DIRECTIONS: From the records below, output exactly the lines running from the line containing "Oceano Rooms-1" through the line containing "Black Cat Vábnička Catfish Clonk Shallow Water Black", and no others.

RECORDS SHOWN:
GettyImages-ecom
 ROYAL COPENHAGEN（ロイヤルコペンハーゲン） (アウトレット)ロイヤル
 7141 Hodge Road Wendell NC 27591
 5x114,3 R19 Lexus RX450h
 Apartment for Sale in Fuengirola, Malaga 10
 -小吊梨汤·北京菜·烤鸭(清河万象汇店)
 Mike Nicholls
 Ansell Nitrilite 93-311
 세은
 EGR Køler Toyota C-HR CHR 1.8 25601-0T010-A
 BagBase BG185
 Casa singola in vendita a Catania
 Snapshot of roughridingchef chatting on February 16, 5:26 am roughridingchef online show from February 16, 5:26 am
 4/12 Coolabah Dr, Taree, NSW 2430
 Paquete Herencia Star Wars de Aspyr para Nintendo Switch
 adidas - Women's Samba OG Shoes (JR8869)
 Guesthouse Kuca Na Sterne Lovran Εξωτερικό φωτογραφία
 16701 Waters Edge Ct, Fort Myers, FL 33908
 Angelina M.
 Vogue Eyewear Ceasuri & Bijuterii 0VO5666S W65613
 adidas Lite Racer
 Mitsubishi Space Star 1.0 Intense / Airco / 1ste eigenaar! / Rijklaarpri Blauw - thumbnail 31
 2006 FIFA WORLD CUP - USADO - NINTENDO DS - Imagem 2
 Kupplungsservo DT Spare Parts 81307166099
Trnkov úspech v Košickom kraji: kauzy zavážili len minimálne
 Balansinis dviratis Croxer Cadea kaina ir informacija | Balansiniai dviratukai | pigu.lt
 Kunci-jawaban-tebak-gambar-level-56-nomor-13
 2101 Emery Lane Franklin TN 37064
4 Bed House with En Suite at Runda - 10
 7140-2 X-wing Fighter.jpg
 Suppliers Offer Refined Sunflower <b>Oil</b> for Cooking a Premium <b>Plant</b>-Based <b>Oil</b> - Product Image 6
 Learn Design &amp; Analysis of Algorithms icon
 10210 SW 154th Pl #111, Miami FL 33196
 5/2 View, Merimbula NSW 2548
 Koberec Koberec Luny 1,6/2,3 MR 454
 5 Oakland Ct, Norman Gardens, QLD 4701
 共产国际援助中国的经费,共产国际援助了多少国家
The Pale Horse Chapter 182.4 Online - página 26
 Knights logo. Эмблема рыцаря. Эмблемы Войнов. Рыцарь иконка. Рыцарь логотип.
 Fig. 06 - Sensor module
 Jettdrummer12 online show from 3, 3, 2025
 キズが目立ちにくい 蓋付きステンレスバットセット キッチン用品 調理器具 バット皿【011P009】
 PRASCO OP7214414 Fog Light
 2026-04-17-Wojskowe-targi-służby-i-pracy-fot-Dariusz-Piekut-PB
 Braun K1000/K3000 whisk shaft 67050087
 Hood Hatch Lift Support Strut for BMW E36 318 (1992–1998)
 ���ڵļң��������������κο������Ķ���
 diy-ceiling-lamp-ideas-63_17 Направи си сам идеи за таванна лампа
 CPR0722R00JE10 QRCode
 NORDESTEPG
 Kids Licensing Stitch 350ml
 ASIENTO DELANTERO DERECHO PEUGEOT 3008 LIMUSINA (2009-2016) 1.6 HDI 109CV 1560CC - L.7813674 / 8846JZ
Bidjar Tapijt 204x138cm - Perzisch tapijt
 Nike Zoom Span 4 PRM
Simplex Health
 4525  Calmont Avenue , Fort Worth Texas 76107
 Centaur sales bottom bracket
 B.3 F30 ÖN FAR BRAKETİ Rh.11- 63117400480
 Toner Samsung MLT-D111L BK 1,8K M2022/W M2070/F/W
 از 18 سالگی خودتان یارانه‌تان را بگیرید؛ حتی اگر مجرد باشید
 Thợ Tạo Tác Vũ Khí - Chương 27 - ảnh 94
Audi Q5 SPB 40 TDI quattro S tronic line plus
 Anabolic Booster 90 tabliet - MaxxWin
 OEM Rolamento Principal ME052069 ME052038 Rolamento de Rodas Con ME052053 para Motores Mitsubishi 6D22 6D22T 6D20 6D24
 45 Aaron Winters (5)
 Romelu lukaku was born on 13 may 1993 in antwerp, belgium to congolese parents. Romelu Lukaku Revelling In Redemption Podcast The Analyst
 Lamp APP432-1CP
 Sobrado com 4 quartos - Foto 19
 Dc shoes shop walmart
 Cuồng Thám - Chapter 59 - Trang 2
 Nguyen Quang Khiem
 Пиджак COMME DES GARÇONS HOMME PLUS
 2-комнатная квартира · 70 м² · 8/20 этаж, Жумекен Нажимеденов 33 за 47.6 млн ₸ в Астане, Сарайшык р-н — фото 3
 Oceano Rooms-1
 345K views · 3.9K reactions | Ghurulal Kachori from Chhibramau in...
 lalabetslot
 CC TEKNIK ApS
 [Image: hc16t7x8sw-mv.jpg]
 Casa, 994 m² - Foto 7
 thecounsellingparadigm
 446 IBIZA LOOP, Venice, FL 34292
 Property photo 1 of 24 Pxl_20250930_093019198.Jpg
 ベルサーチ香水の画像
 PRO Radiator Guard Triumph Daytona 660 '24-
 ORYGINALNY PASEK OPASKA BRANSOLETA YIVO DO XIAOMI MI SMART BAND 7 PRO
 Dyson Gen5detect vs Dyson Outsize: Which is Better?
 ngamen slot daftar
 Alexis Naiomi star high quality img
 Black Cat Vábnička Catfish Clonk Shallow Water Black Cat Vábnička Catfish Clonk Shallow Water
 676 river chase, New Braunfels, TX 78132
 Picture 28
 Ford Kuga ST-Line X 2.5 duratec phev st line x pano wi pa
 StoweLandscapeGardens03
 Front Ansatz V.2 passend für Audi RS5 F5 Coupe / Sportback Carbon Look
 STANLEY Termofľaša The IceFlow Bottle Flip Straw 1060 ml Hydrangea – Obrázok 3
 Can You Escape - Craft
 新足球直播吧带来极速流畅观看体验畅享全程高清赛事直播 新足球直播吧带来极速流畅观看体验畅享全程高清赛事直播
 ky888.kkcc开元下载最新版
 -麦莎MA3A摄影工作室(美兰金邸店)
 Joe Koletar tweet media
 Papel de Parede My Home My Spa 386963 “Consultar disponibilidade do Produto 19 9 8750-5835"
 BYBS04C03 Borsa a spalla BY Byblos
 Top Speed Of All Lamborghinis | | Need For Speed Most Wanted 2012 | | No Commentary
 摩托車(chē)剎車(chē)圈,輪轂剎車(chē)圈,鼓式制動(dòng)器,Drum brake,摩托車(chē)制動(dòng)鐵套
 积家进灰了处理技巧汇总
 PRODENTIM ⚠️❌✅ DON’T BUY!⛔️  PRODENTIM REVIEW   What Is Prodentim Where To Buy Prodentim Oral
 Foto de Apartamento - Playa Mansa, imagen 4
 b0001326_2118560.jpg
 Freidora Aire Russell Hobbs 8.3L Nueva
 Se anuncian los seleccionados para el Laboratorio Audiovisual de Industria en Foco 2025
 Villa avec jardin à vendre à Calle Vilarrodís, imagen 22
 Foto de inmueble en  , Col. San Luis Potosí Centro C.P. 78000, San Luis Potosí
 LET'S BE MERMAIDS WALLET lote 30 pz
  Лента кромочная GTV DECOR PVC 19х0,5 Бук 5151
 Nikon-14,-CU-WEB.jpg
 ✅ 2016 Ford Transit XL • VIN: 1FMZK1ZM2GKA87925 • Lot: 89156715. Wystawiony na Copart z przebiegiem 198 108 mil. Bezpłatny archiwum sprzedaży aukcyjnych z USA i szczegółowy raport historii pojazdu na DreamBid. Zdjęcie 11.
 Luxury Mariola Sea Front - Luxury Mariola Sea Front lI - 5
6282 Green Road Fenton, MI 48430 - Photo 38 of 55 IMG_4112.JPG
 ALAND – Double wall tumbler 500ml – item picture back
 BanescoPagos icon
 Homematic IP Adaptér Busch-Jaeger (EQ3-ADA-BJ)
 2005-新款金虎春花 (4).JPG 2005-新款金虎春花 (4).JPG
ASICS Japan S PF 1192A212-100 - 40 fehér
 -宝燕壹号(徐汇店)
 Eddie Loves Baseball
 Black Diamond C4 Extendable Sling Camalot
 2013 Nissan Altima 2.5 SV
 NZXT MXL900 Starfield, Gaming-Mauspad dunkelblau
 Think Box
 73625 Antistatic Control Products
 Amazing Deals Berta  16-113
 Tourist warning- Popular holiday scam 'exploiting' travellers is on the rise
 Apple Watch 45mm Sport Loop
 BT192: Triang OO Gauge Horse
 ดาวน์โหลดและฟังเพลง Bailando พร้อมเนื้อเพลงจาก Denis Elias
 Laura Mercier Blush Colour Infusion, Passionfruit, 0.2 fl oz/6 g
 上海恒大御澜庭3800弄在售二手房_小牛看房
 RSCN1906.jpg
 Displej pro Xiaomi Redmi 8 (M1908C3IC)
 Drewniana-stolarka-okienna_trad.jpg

RESULT OF THE EXERCISE:
 Oceano Rooms-1
 345K views · 3.9K reactions | Ghurulal Kachori from Chhibramau in...
 lalabetslot
 CC TEKNIK ApS
 [Image: hc16t7x8sw-mv.jpg]
 Casa, 994 m² - Foto 7
 thecounsellingparadigm
 446 IBIZA LOOP, Venice, FL 34292
 Property photo 1 of 24 Pxl_20250930_093019198.Jpg
 ベルサーチ香水の画像
 PRO Radiator Guard Triumph Daytona 660 '24-
 ORYGINALNY PASEK OPASKA BRANSOLETA YIVO DO XIAOMI MI SMART BAND 7 PRO
 Dyson Gen5detect vs Dyson Outsize: Which is Better?
 ngamen slot daftar
 Alexis Naiomi star high quality img
 Black Cat Vábnička Catfish Clonk Shallow Water Black Cat Vábnička Catfish Clonk Shallow Water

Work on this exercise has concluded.